## Goal of the exercise
Exactly as they appear, retype the lines from the one containing "Wall Mural - Collection" through the final line of the data below. Leave pictures out.

## Recorded information
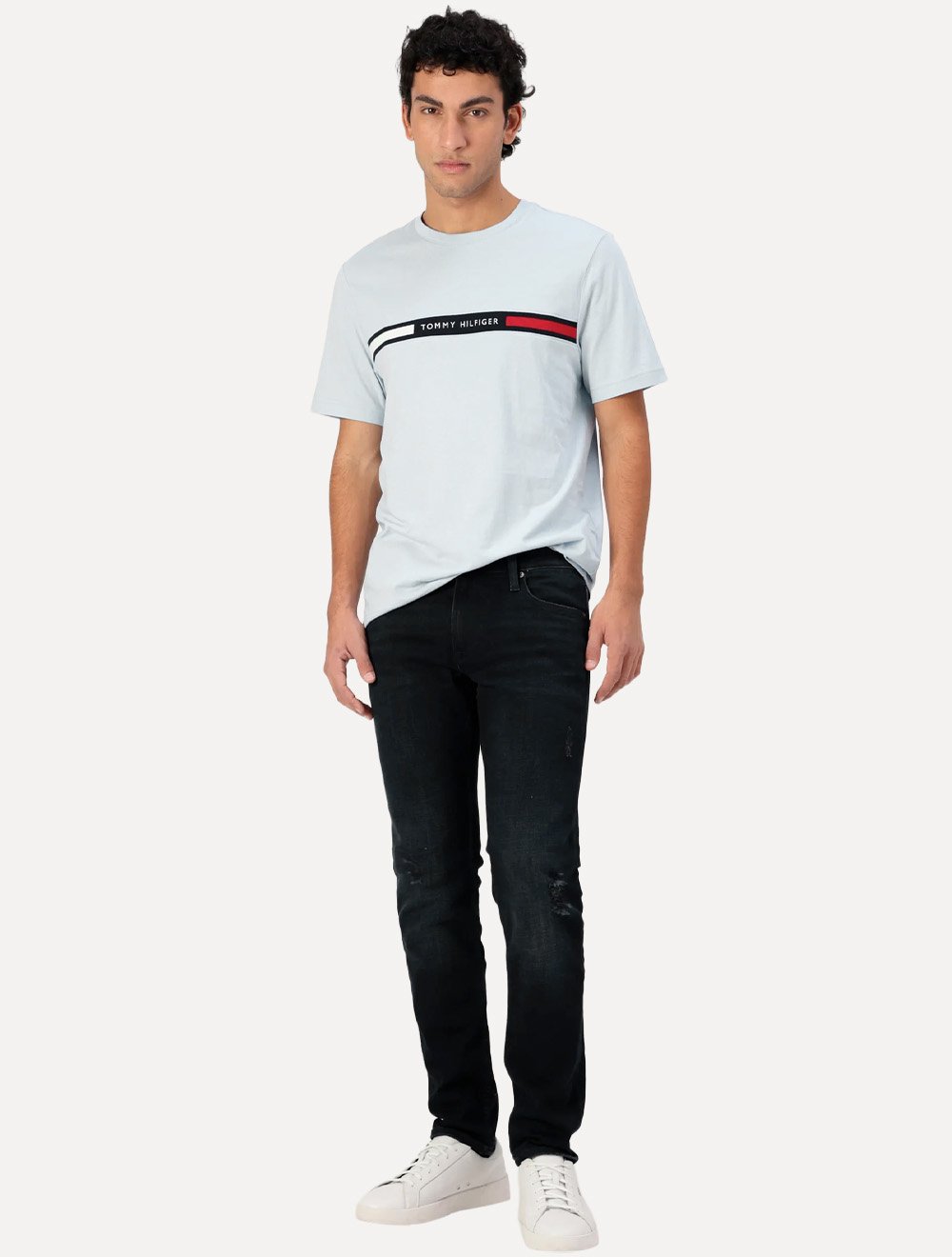 Camiseta Tommy Hilfiger Masculina Chest Insert Logo Azul Claro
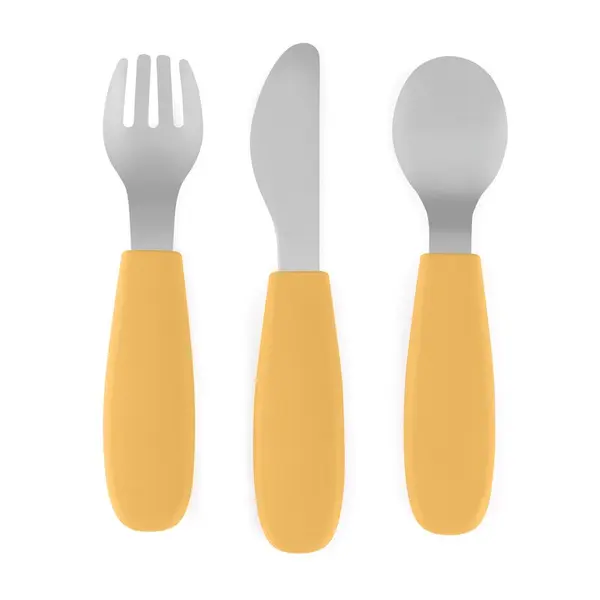 Set complet tacamuri PetiteMars TakeMatch, din silicon si otel inoxidabil, fara BPA, 12 luni+, Ocru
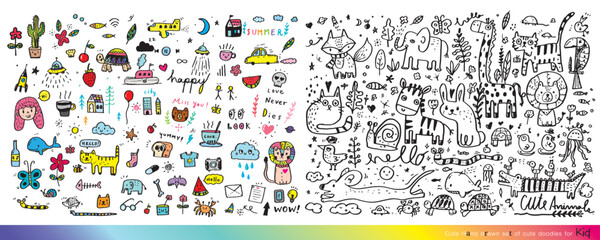 Wall Mural - Collection of hand drawn cute doodles,Doodle children drawing,Sketch set of drawings in child style,Funny Doodle Hand Drawn,Page for coloring, cute animal hand drawn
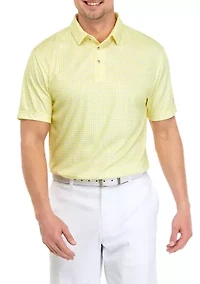 Men's Short Sleeve Gingham Print Polo Shirt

## Your response
 Wall Mural - Collection of hand drawn cute doodles,Doodle children drawing,Sketch set of drawings in child style,Funny Doodle Hand Drawn,Page for coloring, cute animal hand drawn
 Men's Short Sleeve Gingham Print Polo Shirt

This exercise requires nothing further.